If the currents are applied one after the other and set to zero, the equation 5 is obtained. Depending on whether it is an inflow or an outflow, the sign is selected. Inflows are assigned a positive sign and outflows a negative sign.
\begin {equation} \sum _{k = 1}^{N}{I_\mathrm {k}} =0=I_1+I_2-I_3-I_4-I_5 \label {KnotenregelBeispielknoten} \end {equation}
Key point: Knot rule
7 Mesh rule
When a particle moves between two points in an electric field, work is done. If the starting point is identical to the end point, the same amount of work must be delivered as absorbed. In this case, the sum of the work is zero. If such a complete mesh cycle is performed along a closed path, the sum of the partial voltages must also be zero. This assumes that there is no time-varying magnetic flux density and therefore no electrical eddy field is created (see equation 7).

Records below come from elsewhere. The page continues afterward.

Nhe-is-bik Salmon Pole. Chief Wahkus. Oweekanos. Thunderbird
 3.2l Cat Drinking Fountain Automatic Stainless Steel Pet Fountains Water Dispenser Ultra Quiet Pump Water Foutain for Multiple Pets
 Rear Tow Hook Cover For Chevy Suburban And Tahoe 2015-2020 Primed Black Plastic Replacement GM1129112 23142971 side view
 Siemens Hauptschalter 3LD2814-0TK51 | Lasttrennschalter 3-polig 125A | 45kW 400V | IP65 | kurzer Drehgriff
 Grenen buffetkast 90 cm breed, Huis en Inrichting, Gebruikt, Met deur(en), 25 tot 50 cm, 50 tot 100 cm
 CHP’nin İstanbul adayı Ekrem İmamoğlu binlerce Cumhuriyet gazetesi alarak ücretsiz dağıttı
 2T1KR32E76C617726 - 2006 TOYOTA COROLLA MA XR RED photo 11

The equation describes Faraday’s law of induction for static fields (here: no change in a magnetic field).
\begin {equation} \oint _{s}^{} \vec {E} d\vec {s} = 0 \rightarrow rot \vec {E} = 0 \label {GleichungRingintegralFeldstärke} \end {equation}
According to Kirchhoff’s second law, mesh analysis states that for a complete circuit (mesh) in an electrical network, the sum of all voltages is equal to zero. This is illustrated by the equation 8.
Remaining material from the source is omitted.